Entries below include pictures. Output exactly the lines from the one with "Greenworks Trimmerkopf - Passend" down to the one with "Blue Rain Womens", both ends included, and leave the pictures out.

### [DATA SUPPLIED]
○ ○ ○ ○ ○

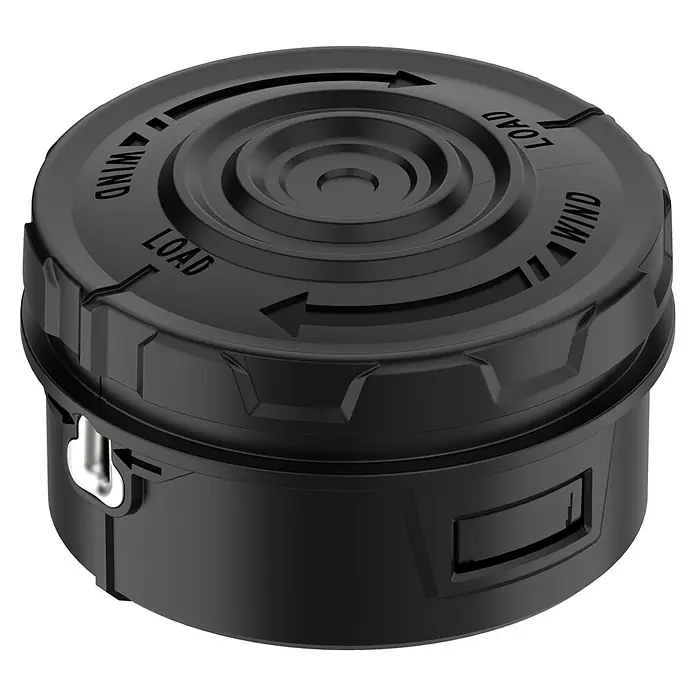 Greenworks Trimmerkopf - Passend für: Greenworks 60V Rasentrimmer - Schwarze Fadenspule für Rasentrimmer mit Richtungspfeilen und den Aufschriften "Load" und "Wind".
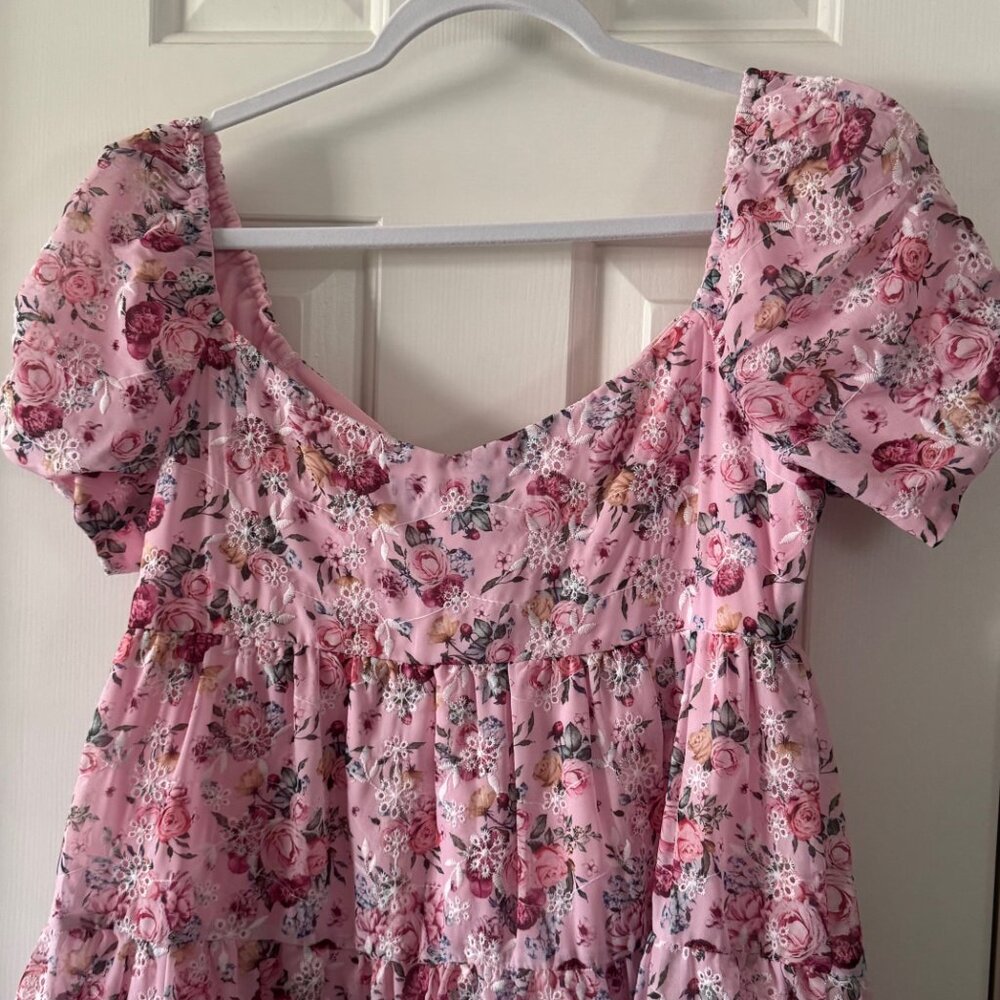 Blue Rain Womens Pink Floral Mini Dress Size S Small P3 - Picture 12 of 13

○ ○ ○ ○ ○

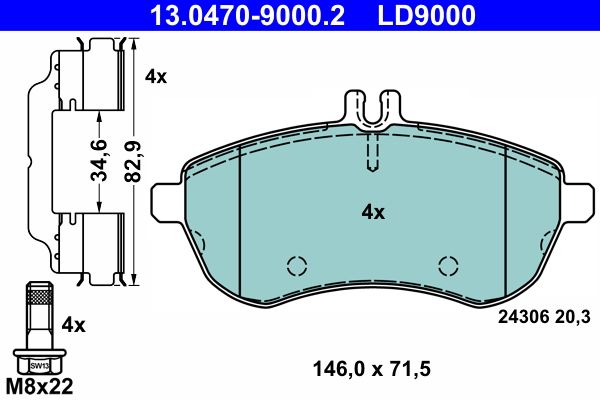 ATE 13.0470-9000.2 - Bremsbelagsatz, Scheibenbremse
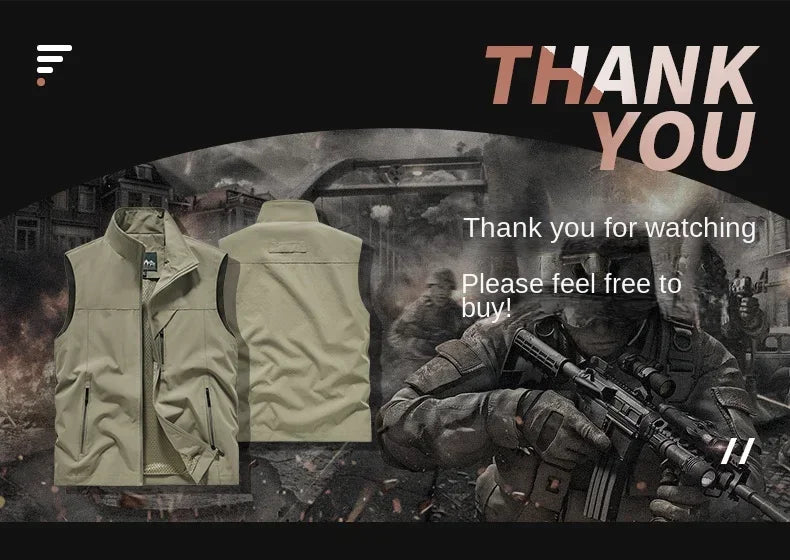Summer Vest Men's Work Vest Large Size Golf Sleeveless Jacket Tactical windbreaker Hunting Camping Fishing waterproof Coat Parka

○ ○ ○ ○ ○

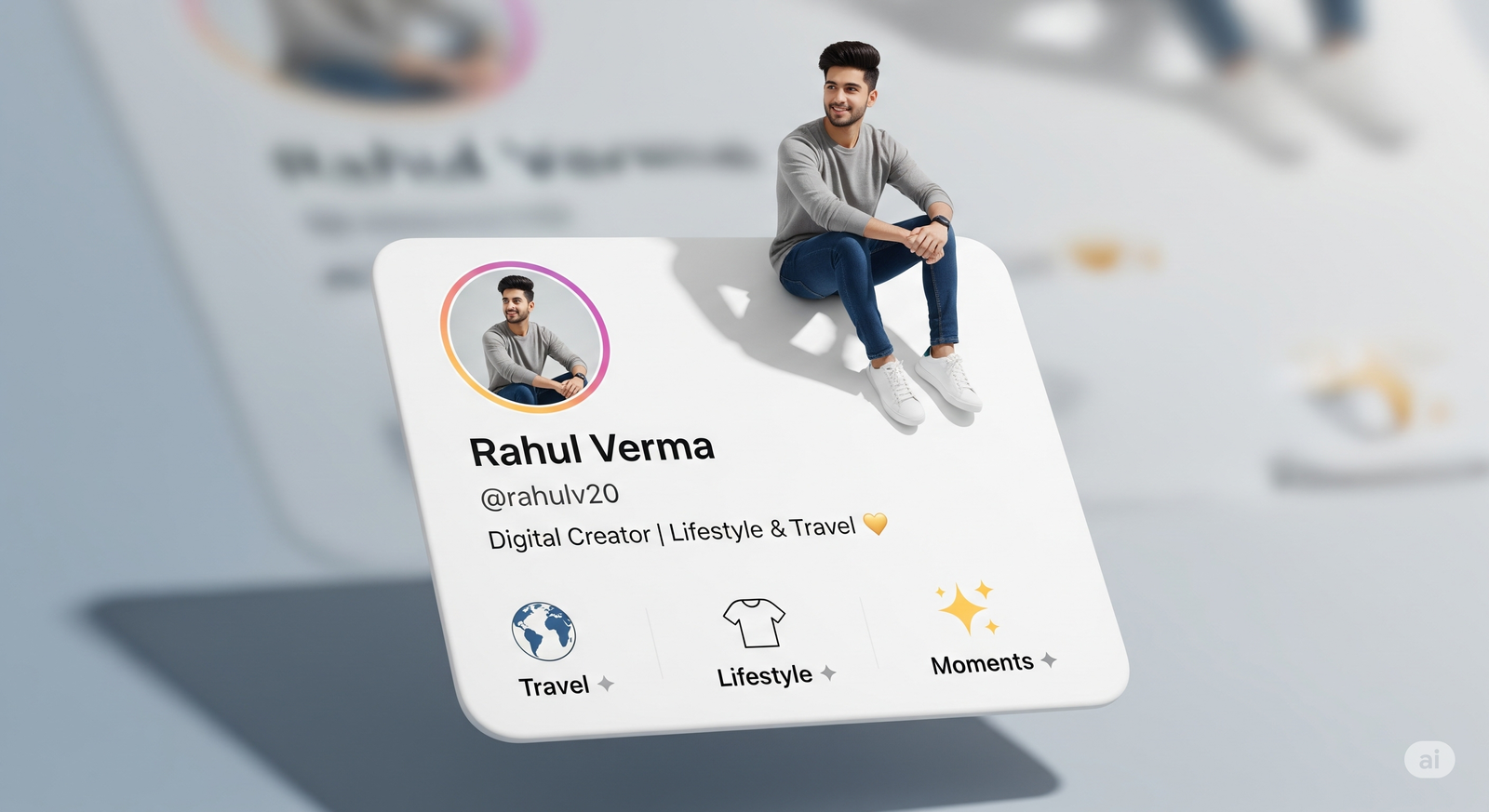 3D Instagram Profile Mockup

○ ○ ○ ○ ○

### [OUTPUT FOR THIS EXERCISE]
 Greenworks Trimmerkopf - Passend für: Greenworks 60V Rasentrimmer - Schwarze Fadenspule für Rasentrimmer mit Richtungspfeilen und den Aufschriften "Load" und "Wind".
 Blue Rain Womens Pink Floral Mini Dress Size S Small P3 - Picture 12 of 13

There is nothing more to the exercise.